*** Block opens ***

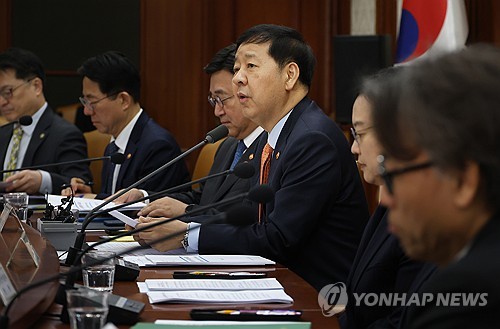 (서울=연합뉴스) 신준희 기자 = 구윤철 부총리 겸 재정경제부 장관이 3일 정부서울청사에서 열린 비상경제본부회의 겸 경제관계장관회의에서 발언을 하고 있다. 2026.4.3 hama@yna.co.kr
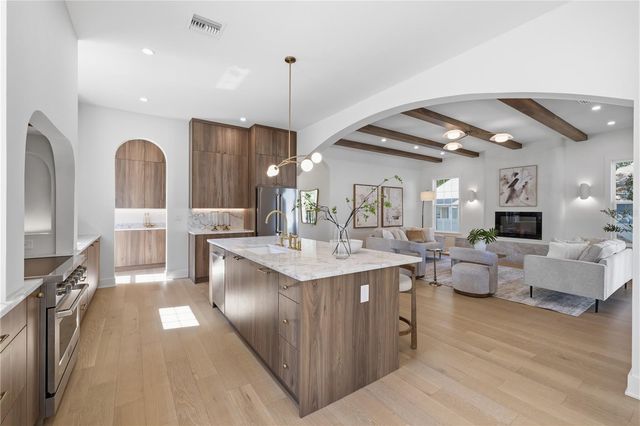 221 43RD AVENUE N, St Petersburg, FL 33703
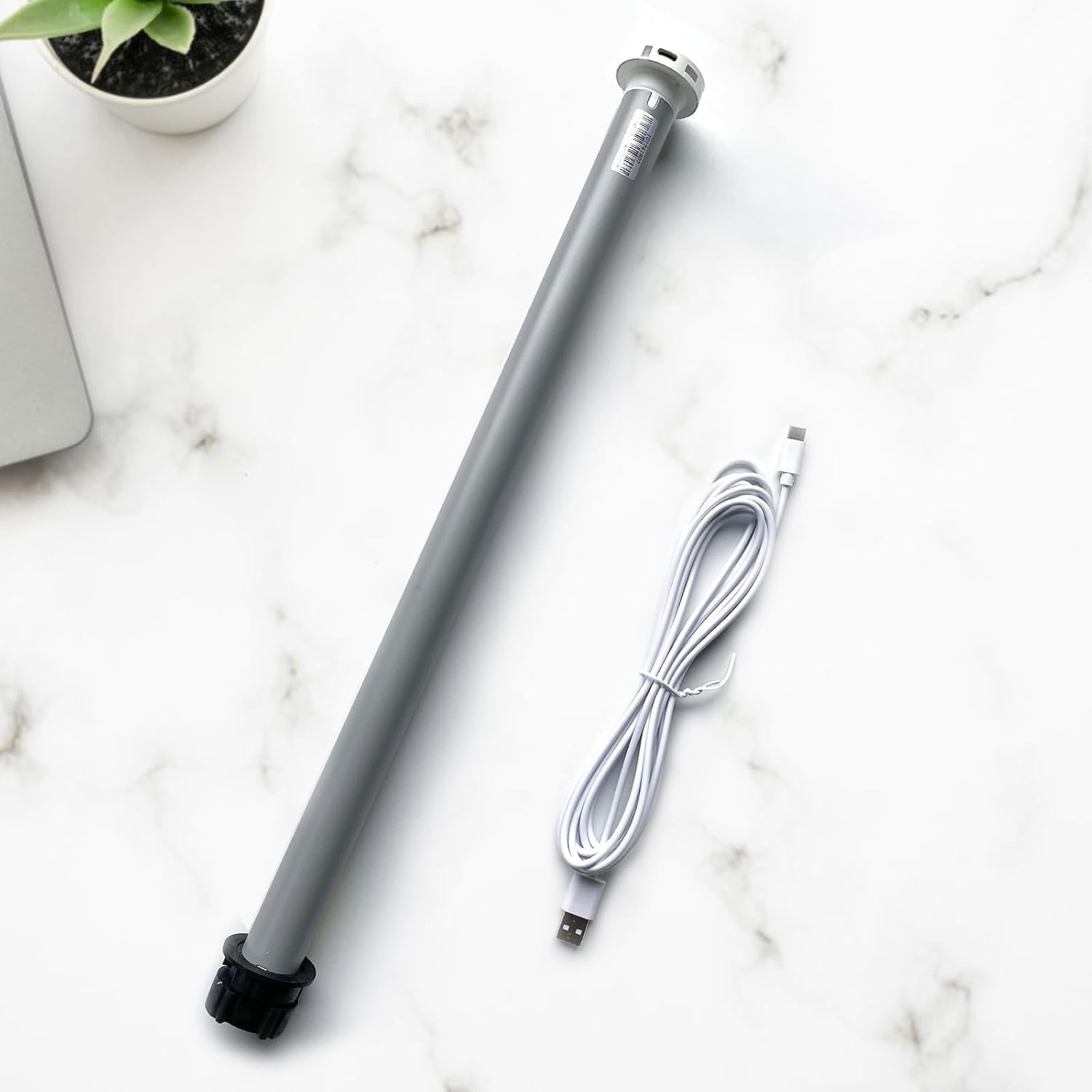 Rechargeable Motorized Window Shade Accessory for Effortless Control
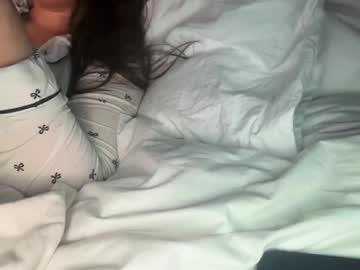 pollyyypocket's chat room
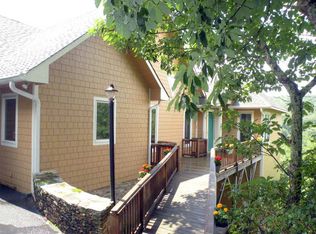 842 Greystone Dr, Boone, NC 28607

*** Block closes ***

TASK STATEMENT » Retype the listing exactly. Pictures do not belong in the copy.

REPLY TO THE EXERCISE »
 (서울=연합뉴스) 신준희 기자 = 구윤철 부총리 겸 재정경제부 장관이 3일 정부서울청사에서 열린 비상경제본부회의 겸 경제관계장관회의에서 발언을 하고 있다. 2026.4.3 hama@yna.co.kr
 221 43RD AVENUE N, St Petersburg, FL 33703
 Rechargeable Motorized Window Shade Accessory for Effortless Control
 pollyyypocket's chat room
 842 Greystone Dr, Boone, NC 28607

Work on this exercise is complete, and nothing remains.